— Given material —
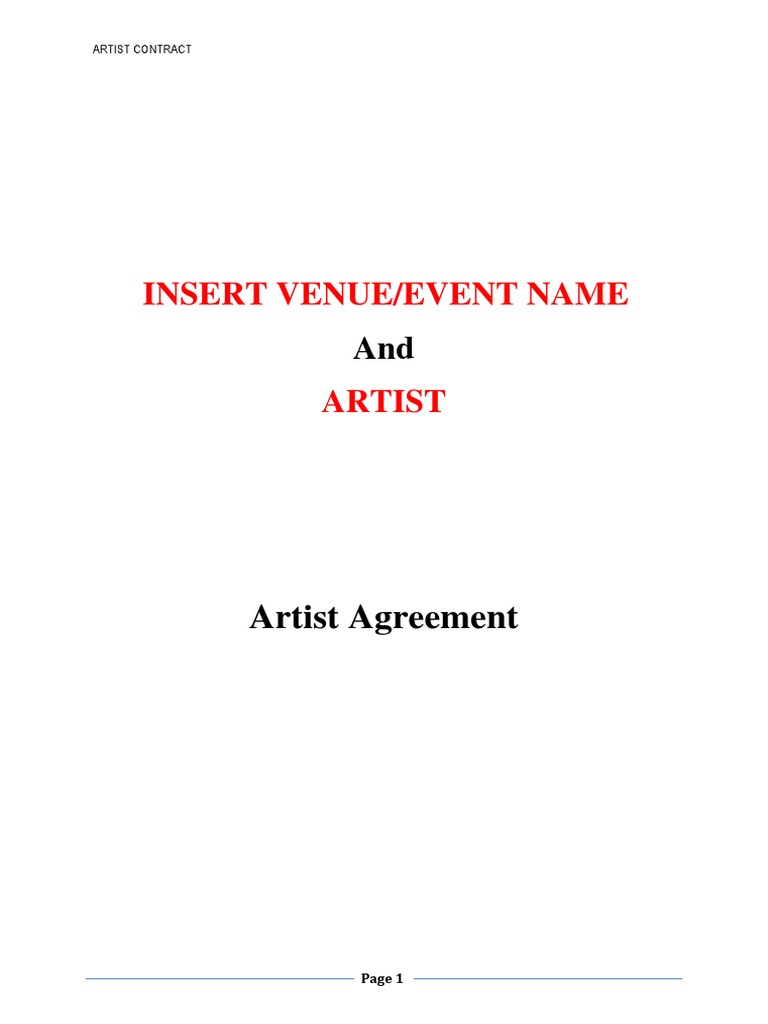 Artist Performance Agreement | PDF | Insurance | Invoice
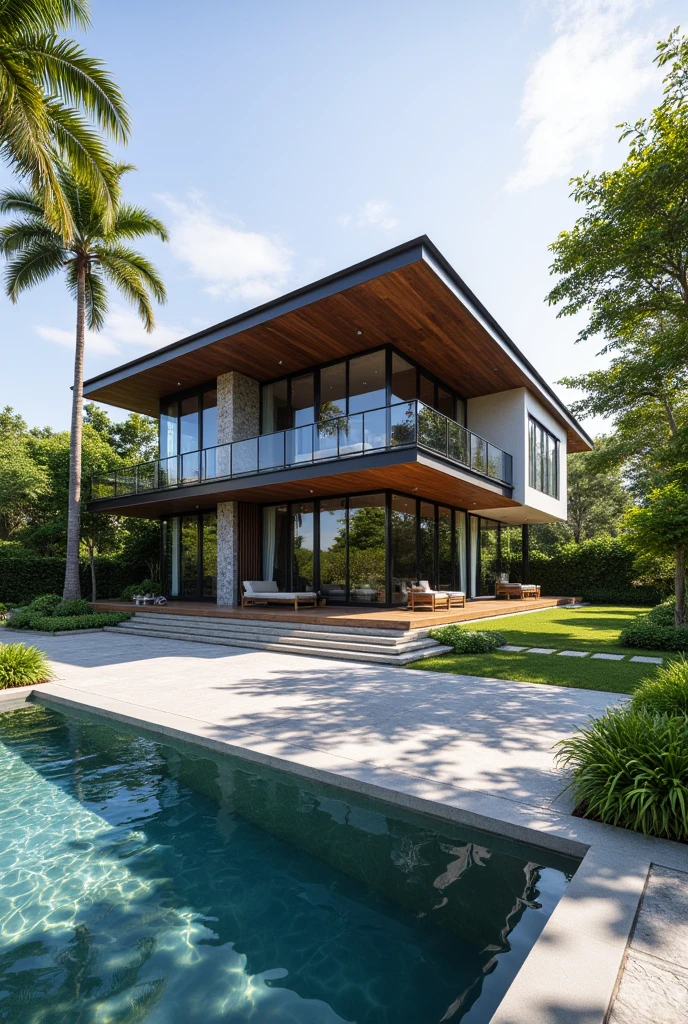 
(masterpiece), (realistic), 8K, photo of Modern luxury home with a two-story design, large glass windows, and surrounded by palm trees and lush greenery. The house features a large swimming pool in front, with manicured lawns and stone walkways, all bathed in bright daylight.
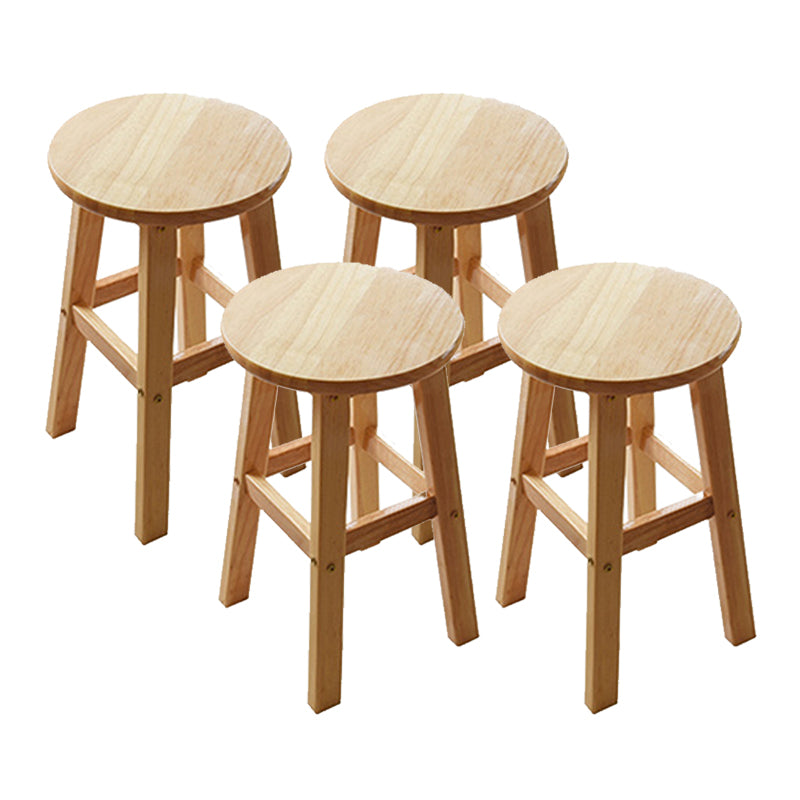 Light Wood Finish Counter & Bar Stools Modern Indoor Stools with 4 Legs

— Problem details —
Each line of the data is to be duplicated exactly; pictures stay out of the copy.

— Your solution —
 Artist Performance Agreement | PDF | Insurance | Invoice
(masterpiece), (realistic), 8K, photo of Modern luxury home with a two-story design, large glass windows, and surrounded by palm trees and lush greenery. The house features a large swimming pool in front, with manicured lawns and stone walkways, all bathed in bright daylight.
 Light Wood Finish Counter & Bar Stools Modern Indoor Stools with 4 Legs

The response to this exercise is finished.